Ken Nissly, a 30-year veteran of recently-collapsed Thelen, is making his new home at O’Melveny & Myers in Menlo Park
“It’s sad to see [Thelen] going away, but I’m thrilled for the opportunity to go to O’Melveny,” Nissly told Legal Pad today.
Nissly, a well-known IP litigator who does tons of work for Hynix, a huge South Korean memory chip company, will be joined at O’Melveny by two other Thelen partners, Susan Van Keulen and Geoffrey Yost, as well as four associates to be named later.
Career tracks and why Thelen failed, after the jump …
Nissly started his career at Thelen in San Francisco as a labor lawyer and moved down to San Jose when the firm opened an office there in the early 1980s. He started doing more commercial litigation and eventually got in on the IP litigation ground floor in the late 1980s.
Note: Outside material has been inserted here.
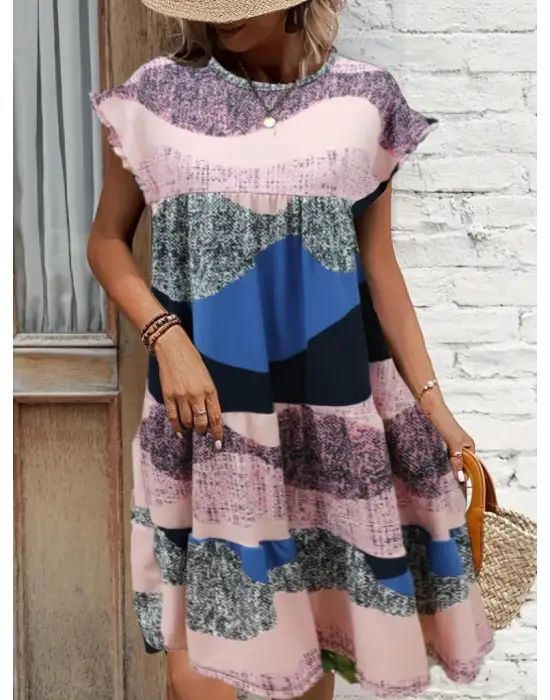 Omarı Desenli Kadın Kısa Kollu Dalgıç Elbise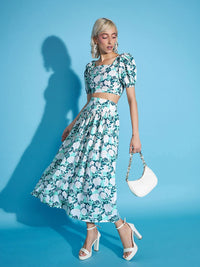 SASSAFRAS White Floral Crop Top With Flared Skirt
Reflecting on Thelen’s demise, Nissly pointed to a couple of factors that drove the firm under, including the ill-starred merger with New York firm Brown Raysman in 2006
“I think it’s a combination of forces,” he said. “The merger with Brown Raysman didn’t work out as well we would’ve liked, and the economy certainly didn’t help.”
Steve Akerley, the O’Melveny partner responsible for building up the firm’s IP practice in Menlo Park, was pleased to have Nissly on board.
“This is a very positive move consistent with our plans to grow our IP practice,” Akerley told Legal Pad.
The Nissly-O’Melveny connection comes because Nissly has handed off Hynix antitrust work to O’Melveny lawyers in the past. That started during Hynix’s nearly decade-old patent fight with Rambus, which Nissly has been handling on the intellectual property side.
— Zusha Elinson


Ken Nissly is a great lawyer and leader. O'Melveny is lucky to have him.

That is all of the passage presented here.